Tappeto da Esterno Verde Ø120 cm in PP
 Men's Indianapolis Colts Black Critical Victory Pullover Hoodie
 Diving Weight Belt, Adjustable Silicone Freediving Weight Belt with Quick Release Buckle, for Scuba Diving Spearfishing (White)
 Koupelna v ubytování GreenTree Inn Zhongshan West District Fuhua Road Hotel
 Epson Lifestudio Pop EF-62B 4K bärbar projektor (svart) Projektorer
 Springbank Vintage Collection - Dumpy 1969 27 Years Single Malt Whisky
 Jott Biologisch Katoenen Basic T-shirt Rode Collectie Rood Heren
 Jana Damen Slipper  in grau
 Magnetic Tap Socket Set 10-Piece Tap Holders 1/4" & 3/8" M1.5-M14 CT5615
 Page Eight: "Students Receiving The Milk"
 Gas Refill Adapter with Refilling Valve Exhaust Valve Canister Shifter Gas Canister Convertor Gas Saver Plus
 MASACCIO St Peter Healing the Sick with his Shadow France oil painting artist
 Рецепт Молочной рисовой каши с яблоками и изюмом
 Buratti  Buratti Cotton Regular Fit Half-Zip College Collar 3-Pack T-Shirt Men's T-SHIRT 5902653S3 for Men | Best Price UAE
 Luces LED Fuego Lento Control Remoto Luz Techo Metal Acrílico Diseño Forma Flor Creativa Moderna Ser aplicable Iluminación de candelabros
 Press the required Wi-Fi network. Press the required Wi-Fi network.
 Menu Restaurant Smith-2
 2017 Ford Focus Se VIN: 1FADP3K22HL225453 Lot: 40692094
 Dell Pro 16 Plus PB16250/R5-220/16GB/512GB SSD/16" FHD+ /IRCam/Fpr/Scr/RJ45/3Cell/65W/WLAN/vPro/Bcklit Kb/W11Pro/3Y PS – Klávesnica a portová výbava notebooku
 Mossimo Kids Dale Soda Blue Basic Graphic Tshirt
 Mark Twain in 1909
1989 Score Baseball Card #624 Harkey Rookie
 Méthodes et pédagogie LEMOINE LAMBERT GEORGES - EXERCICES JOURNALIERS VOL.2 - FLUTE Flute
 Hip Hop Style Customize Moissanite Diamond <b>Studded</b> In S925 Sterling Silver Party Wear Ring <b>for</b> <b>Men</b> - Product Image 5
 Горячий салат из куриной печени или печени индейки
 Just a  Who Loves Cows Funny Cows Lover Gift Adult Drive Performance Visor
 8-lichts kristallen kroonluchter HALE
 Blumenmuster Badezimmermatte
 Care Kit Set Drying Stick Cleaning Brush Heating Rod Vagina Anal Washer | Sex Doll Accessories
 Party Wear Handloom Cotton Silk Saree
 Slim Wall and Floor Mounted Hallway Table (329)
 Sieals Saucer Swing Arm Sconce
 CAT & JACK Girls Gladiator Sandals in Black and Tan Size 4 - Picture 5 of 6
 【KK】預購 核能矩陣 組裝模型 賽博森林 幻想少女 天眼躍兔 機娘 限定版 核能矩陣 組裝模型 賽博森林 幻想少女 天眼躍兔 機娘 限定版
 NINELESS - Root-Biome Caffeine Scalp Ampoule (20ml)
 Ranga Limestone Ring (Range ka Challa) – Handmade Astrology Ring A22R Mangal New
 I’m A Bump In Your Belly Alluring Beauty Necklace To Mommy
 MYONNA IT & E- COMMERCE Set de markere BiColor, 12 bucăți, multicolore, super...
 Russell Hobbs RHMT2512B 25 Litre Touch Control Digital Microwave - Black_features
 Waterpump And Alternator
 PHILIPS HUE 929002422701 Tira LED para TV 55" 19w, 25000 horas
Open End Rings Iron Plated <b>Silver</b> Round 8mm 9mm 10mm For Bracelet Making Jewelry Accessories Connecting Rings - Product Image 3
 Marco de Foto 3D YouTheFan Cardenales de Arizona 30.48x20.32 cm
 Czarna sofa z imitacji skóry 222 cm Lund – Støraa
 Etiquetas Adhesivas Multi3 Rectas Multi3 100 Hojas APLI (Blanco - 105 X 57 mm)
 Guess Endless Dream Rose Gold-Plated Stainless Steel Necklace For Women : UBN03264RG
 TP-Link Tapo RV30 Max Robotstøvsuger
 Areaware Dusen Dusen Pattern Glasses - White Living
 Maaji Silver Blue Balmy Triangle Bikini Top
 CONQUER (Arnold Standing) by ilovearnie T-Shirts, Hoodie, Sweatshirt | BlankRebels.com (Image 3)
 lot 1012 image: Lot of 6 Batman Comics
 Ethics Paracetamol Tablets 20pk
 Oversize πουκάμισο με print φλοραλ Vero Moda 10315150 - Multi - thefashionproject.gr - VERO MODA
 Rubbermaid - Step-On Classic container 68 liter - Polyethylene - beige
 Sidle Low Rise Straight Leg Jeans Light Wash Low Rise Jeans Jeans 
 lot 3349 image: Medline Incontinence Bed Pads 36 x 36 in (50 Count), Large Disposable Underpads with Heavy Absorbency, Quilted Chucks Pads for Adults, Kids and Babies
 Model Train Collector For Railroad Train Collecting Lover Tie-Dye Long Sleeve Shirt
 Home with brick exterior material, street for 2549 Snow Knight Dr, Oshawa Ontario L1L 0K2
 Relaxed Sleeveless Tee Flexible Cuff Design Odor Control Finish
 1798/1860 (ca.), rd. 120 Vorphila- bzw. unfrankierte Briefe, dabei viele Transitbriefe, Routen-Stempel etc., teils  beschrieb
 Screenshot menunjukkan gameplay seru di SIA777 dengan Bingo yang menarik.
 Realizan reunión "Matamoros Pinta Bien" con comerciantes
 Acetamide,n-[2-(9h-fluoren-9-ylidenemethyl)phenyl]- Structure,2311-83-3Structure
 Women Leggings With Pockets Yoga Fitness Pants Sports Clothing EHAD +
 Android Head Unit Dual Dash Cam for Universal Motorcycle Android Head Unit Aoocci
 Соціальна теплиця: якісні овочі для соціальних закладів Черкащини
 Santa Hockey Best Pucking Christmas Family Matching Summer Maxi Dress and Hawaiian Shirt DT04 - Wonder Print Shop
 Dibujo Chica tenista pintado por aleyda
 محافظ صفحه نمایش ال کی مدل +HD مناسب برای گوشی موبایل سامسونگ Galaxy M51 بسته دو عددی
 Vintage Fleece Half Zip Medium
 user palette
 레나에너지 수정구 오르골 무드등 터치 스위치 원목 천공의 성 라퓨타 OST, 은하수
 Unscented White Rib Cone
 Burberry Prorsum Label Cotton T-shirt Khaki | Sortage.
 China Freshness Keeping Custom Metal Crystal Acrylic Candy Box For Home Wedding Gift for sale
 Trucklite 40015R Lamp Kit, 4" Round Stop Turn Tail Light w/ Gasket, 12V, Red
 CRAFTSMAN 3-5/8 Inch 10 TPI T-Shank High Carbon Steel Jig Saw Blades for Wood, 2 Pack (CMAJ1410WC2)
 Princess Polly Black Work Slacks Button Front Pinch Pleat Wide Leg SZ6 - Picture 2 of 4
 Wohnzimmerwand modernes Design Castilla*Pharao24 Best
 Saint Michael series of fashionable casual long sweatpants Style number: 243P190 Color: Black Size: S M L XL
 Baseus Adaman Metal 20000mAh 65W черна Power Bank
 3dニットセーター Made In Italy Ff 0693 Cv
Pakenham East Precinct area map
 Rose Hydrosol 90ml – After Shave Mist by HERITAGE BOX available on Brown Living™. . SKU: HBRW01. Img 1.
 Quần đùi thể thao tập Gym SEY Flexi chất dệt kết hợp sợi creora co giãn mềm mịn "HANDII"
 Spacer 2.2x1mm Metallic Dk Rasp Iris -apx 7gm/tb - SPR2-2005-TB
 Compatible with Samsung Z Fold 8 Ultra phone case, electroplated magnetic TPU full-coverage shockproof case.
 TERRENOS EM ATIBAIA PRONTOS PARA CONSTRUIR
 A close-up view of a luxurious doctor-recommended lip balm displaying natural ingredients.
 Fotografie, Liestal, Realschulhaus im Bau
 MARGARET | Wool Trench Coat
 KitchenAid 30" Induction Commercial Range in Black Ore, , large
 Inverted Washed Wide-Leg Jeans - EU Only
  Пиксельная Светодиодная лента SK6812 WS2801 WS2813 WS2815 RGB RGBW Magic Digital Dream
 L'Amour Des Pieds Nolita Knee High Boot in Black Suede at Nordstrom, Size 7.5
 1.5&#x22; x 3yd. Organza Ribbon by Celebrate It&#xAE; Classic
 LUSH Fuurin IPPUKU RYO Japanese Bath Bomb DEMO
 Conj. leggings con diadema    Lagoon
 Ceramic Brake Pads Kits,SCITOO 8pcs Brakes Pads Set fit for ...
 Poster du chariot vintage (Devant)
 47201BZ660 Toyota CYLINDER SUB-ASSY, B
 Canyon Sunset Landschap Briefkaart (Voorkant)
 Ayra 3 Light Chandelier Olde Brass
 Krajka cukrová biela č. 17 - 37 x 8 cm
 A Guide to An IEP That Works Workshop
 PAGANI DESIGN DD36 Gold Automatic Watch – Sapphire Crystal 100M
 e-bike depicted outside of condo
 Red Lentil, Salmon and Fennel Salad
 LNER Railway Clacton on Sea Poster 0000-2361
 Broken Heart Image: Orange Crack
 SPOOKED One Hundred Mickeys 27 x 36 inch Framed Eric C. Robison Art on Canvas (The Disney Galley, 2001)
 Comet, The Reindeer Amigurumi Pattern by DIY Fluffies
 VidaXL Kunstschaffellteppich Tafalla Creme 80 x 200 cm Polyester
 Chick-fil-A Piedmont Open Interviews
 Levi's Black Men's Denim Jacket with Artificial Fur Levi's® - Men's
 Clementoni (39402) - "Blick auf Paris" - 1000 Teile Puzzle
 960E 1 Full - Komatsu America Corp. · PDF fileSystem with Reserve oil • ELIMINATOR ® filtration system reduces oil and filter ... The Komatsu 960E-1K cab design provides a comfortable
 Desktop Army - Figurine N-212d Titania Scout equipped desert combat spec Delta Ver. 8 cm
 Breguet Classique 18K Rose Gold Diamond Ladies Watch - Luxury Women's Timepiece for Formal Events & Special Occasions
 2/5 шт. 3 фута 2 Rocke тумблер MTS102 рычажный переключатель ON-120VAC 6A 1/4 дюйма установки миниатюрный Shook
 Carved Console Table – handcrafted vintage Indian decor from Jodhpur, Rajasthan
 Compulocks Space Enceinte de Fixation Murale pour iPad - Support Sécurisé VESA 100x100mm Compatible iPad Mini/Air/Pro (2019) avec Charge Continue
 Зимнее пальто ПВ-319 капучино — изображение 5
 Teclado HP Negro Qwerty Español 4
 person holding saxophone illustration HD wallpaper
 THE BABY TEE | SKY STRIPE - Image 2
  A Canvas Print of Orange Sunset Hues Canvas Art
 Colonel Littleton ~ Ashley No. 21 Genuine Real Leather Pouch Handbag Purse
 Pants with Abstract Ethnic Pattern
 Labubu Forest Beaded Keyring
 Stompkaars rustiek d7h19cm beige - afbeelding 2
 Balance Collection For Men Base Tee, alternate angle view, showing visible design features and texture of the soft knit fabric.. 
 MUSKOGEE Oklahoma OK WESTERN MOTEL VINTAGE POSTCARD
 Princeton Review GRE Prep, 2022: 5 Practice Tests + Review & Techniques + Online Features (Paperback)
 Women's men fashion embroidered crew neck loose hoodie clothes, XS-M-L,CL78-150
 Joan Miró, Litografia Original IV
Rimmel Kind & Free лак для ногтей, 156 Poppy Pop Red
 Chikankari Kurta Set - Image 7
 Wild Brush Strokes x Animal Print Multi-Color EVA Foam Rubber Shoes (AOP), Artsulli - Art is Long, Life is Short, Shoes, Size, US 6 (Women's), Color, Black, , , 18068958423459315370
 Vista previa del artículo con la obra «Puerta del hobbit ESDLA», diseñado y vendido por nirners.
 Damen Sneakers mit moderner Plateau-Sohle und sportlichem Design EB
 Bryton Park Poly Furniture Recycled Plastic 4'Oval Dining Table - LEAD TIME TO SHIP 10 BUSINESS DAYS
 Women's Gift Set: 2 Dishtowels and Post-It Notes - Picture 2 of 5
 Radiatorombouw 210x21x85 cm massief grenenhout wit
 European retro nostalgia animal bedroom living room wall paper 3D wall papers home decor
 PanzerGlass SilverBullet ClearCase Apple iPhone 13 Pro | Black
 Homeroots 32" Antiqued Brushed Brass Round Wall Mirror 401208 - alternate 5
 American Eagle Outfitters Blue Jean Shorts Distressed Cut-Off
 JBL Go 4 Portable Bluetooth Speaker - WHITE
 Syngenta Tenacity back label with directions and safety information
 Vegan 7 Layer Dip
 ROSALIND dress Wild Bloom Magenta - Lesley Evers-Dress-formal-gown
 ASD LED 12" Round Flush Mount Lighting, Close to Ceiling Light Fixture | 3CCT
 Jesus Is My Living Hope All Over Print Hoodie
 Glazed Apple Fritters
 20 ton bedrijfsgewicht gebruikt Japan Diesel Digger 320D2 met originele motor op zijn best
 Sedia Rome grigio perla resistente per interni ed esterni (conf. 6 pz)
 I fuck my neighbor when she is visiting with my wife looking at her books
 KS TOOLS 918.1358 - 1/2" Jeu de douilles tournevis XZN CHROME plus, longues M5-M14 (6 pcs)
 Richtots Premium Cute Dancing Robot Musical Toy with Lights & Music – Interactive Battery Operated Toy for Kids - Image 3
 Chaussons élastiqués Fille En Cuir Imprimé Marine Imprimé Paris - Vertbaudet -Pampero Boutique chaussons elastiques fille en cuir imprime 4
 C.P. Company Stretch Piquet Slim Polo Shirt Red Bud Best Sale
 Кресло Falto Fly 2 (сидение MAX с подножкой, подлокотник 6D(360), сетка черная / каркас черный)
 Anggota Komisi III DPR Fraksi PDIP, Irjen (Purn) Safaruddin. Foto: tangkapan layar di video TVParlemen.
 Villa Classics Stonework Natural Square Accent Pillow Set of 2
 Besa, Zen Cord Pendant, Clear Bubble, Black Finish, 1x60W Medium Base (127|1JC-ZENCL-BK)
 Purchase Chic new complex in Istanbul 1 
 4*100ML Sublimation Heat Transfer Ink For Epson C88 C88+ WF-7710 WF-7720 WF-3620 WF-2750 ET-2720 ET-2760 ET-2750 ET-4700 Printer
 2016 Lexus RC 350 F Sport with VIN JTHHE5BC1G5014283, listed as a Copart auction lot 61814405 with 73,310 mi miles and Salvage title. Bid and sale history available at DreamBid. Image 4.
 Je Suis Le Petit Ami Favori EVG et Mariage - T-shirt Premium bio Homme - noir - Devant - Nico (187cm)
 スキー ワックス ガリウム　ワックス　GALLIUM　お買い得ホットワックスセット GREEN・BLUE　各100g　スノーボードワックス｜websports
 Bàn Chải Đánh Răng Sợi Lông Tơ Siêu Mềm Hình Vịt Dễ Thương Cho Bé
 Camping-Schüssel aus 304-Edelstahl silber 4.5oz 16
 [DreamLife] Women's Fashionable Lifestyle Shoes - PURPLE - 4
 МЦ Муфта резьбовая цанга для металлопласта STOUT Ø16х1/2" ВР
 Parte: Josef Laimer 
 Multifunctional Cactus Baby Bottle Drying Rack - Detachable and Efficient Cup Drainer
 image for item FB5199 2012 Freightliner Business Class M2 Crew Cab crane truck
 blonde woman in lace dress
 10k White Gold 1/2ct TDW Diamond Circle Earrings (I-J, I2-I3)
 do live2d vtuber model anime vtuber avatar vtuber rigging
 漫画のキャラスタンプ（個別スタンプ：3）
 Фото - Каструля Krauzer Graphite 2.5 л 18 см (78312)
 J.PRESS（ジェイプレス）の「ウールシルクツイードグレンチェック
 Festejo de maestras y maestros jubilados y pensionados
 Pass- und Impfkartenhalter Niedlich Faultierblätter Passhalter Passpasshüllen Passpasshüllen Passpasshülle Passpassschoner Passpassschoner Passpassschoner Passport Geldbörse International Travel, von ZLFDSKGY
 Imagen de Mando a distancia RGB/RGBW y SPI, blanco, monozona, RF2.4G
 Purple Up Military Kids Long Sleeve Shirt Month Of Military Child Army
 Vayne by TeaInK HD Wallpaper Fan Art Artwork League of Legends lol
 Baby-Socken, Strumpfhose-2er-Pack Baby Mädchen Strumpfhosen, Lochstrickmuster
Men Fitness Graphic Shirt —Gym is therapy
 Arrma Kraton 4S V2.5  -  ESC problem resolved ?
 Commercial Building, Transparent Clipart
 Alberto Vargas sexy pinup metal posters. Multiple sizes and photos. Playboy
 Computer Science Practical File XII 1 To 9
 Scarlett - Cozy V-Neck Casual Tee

+ + + + +

▶ **To do**:
Take the stretch of lines above from the one containing "Imagen de Mando" through the one containing "Men Fitness Graphic Shirt —Gym is therapy" and repeat it exactly, adding no other line.

▶ **Result**:
 Imagen de Mando a distancia RGB/RGBW y SPI, blanco, monozona, RF2.4G
 Purple Up Military Kids Long Sleeve Shirt Month Of Military Child Army
 Vayne by TeaInK HD Wallpaper Fan Art Artwork League of Legends lol
 Baby-Socken, Strumpfhose-2er-Pack Baby Mädchen Strumpfhosen, Lochstrickmuster
Men Fitness Graphic Shirt —Gym is therapy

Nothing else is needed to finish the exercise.